Афганцы резко выделяются среди окружающих их народностей Востока и представляют собою полный контраст изнеженному, ленивому жителю Азии.
Этот немногочисленный народ, сплоченный как бы в одну семью, проникнутую воинским духом, не поддался влиянию жаркого Востока, а строго сохранил свои обычаи и остался верным простой и суровой жизни.
Цивилизация, вносимая повсеместно англичанами в завоеванные ими страны, не произвела на афганцев того разрушающего действия на их нравственность, что в большинстве случаев мы видим в просвещенных англичанами недавно, а также давно перешедших к ним странах Азии, Африки и других частей света. Афганцы, напротив, извлекли из нее по возможности только одни хорошие качества и преимущественно обратили свое внимание на то, что касалось усовершенствования их военного дела. Они познали всю необходимость прогресса в нем, деятельно принялись за укрепление своей страны и, не щадя своих небольших средств, упорным трудом довели его до сравнительно больших размеров.
В конце этого столетия успех афганцев в военном искусстве был доведен уже до того, что они справедливо могут быть названы первым воинственным народом среди азиатов.
При живом и несокрушимом характере, неустрашимой храбрости и любви ко всевозможным приключениям афганцы при благоприятных условиях, если бы употребили вовремя все усилия для защиты своей независимости от западных и северных народов, без сомнения, увеличили бы свою территорию и перенесли бы свои границы за пределы Ак-су и к подножию Эльборуса. В таком случае России вместо покорения Хивы и Бухары пришлось бы вести более серьезную и продолжительную войну с Афганистаном, которая в конце концов без сомнения окончилась бы в пользу ее, но и результаты русских были бы более значительны, чем в настоящее время. Вопрос Центральной Азии был бы упрощен и сразу разрешен уничтожением афганцев и их престижа.

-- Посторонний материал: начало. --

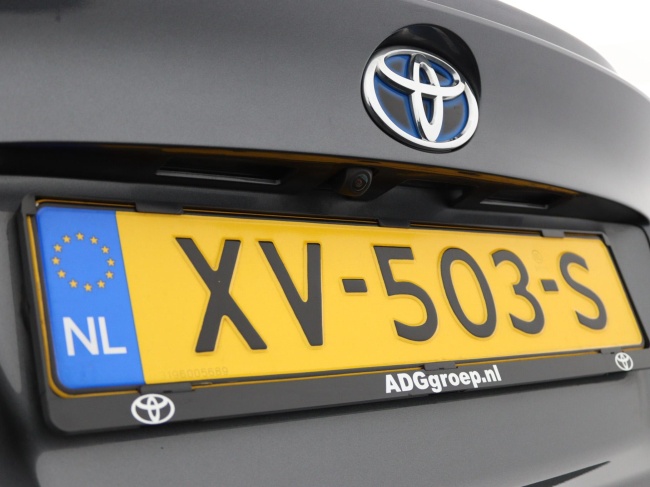 Toyota C-HR - 1.8 Hybrid Style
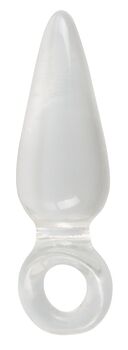 Hauptbild von Analplug „Finger Plug“ mit Fingerschlaufe
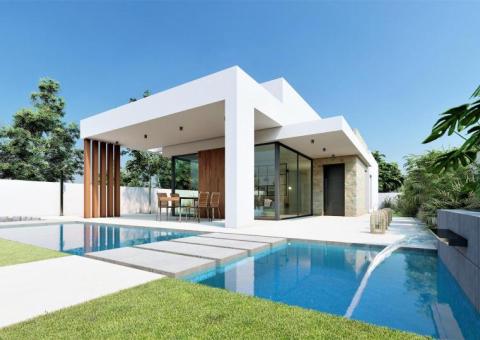 Villa with 3 bedrooms and 2 bathrooms in San Fulgencio, Alicante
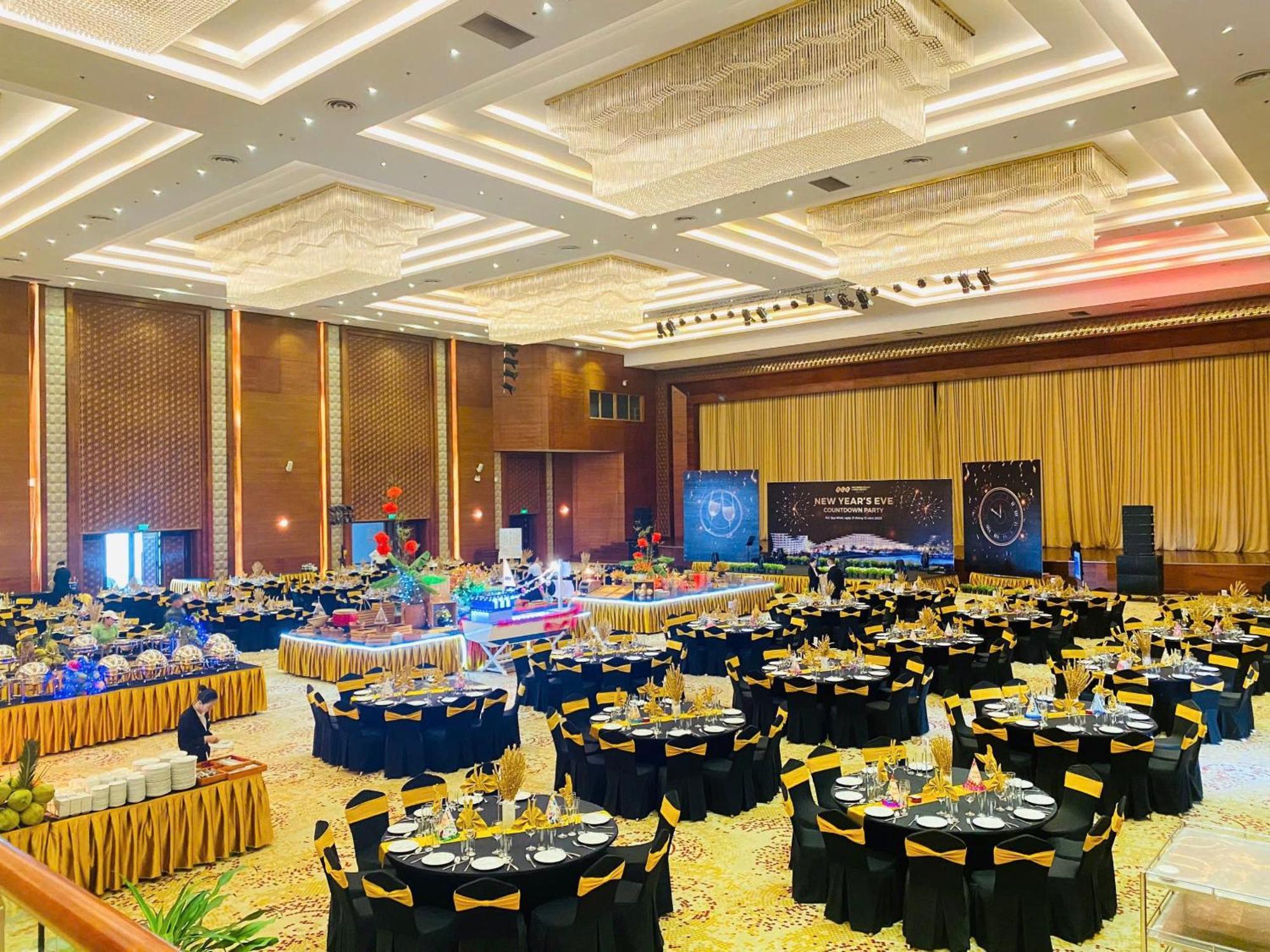 Flc Luxury Resort Quy Nhon Exterior foto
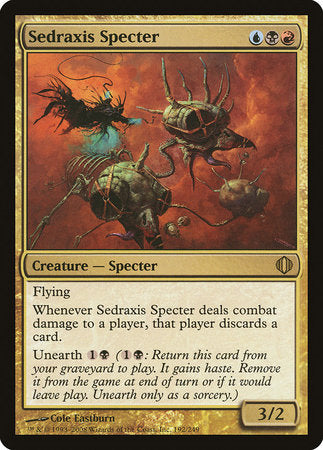 Sedraxis Specter [Shards of Alara] | Arkham Games and Comics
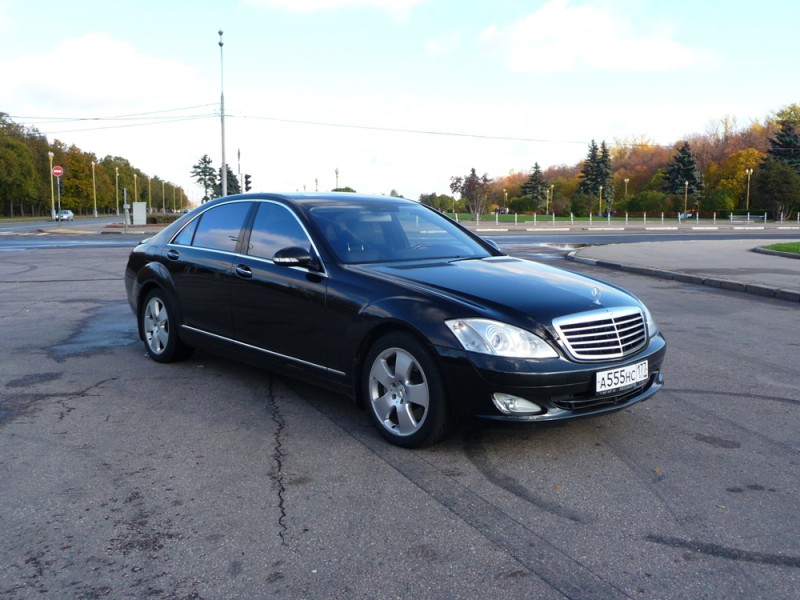Mercedes s class w221 reliability #7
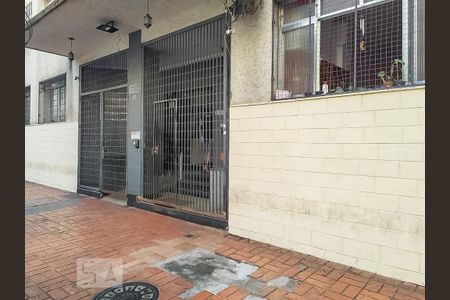 Apartamento para alugar com 28m², 1 quarto e sem vagaFachada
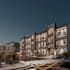 create realistic exterior 3d rendering visualization villas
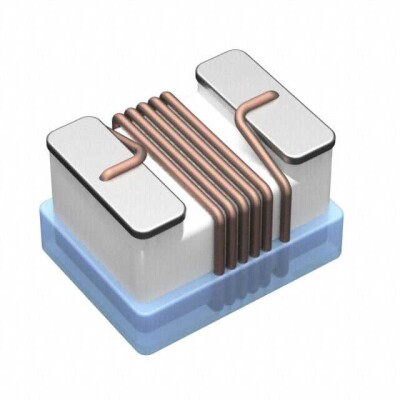 10 nH Unshielded Drum Core, Wirewound Inductor 800 mA 80mOhm 0805 (2012 Metric) - 1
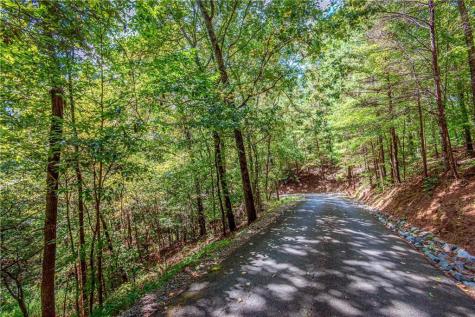 LT103R Mountain Creek Hollow Drive Talking Rock GA 30175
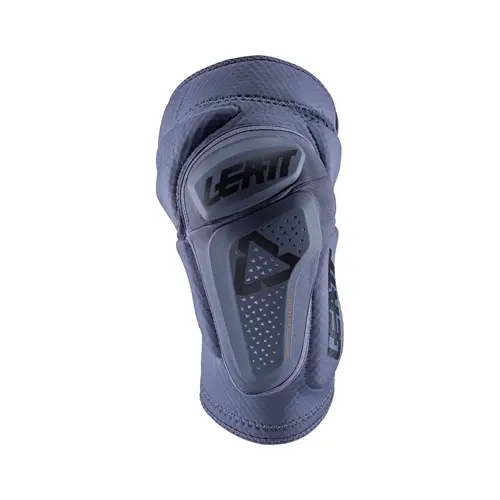 Leatt 3DF 6.0 Knee Guard Flint Knee Guard - Grey
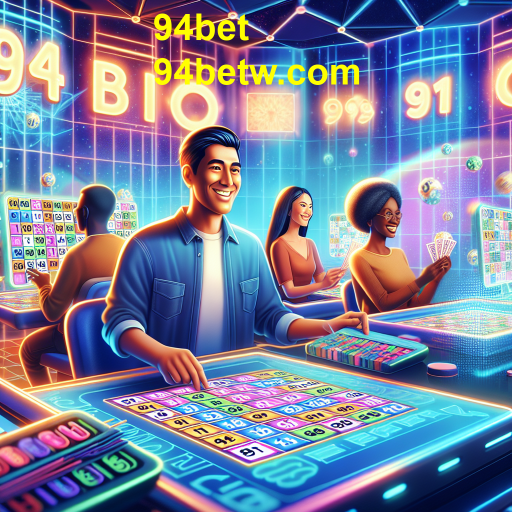 Desvendando o Bingo no 94bet: Diversão e Prêmios ao Seu Alcance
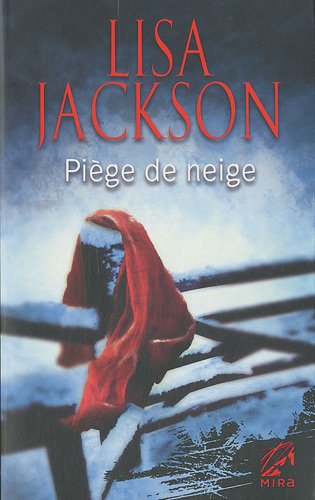 couverture de : Pi&egrave;ge de neige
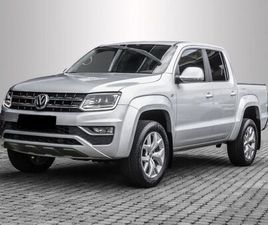 VOLKSWAGEN AMAROK VOLKSWAGEN AMAROK DOUBLE CABINE (AMAROK DC 3.0 TDI 204V4MOTION 4X4 HIGHLINE)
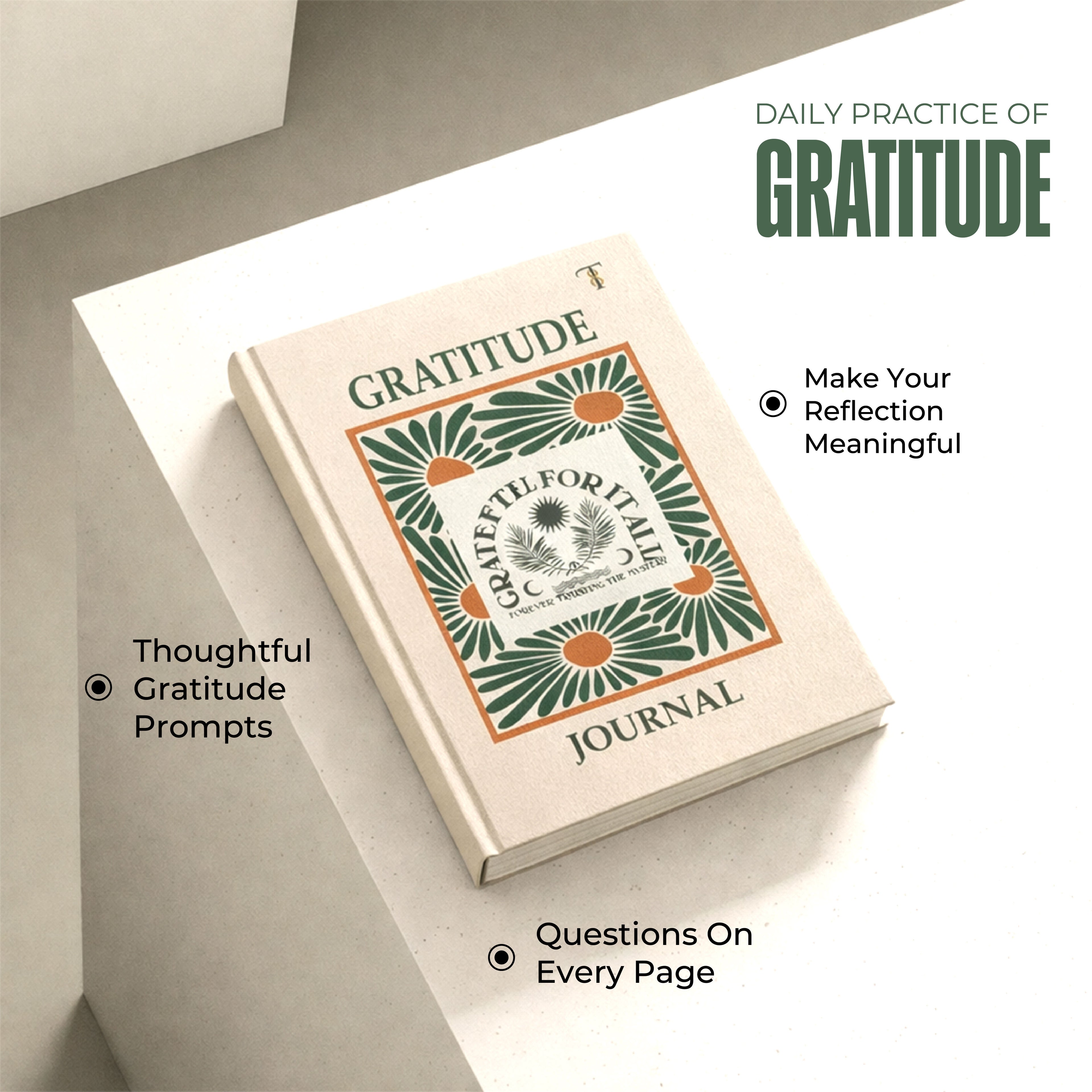Grateful for it all Gratitude Journal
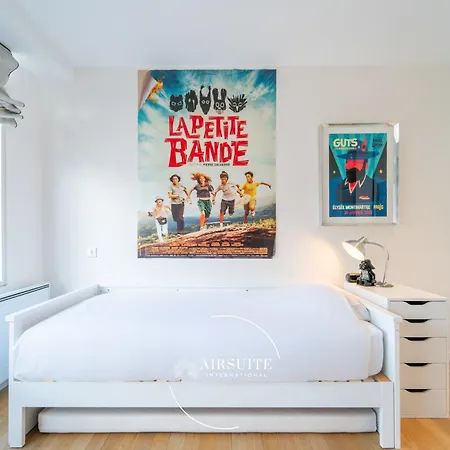 Апартаменты Luxury Luxembourg 3br By Airsuite *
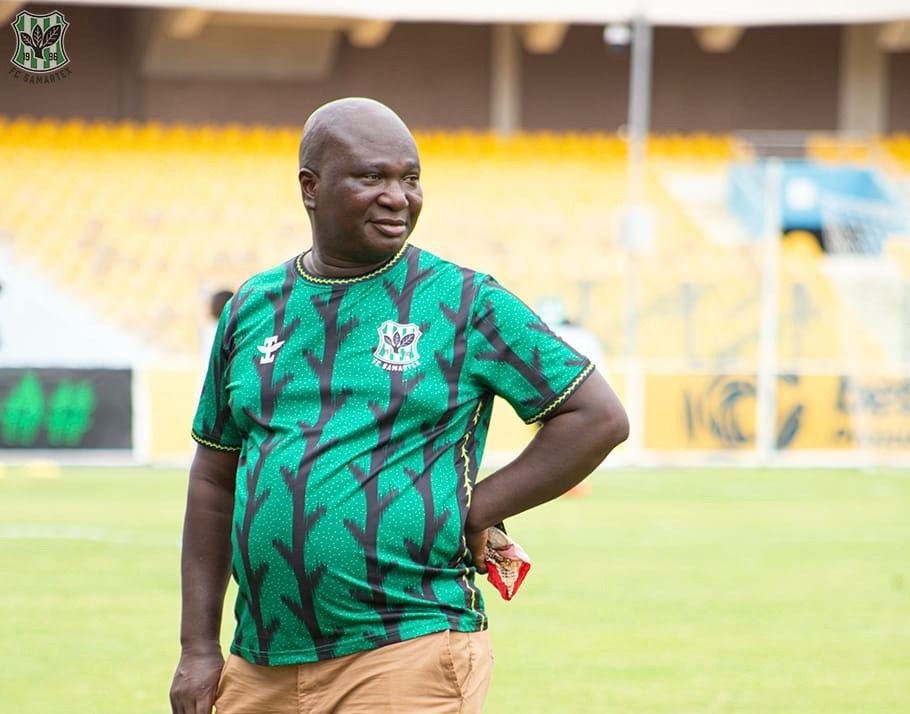 Samartex GM Edmund Ackah Vows to Resign Over Match‑Fixing Allegations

Нередко в истории мы видим случаи, когда около большого государства находится маленькое и на первый взгляд почти незаметное, которое между тем поставлено в такие условия, что безнаказанно причиняет первому немало беспокойства. Вот таким-то государством является в настоящее время и Афганистан.
Англичане, находясь в постоянном опасении за Индию, хорошо осознали всю важность враждебных отношений Афганистана к России, а потому всеми мерами старались завладеть этим государством, не пренебрегая никакими способами для достижения намеченной цели.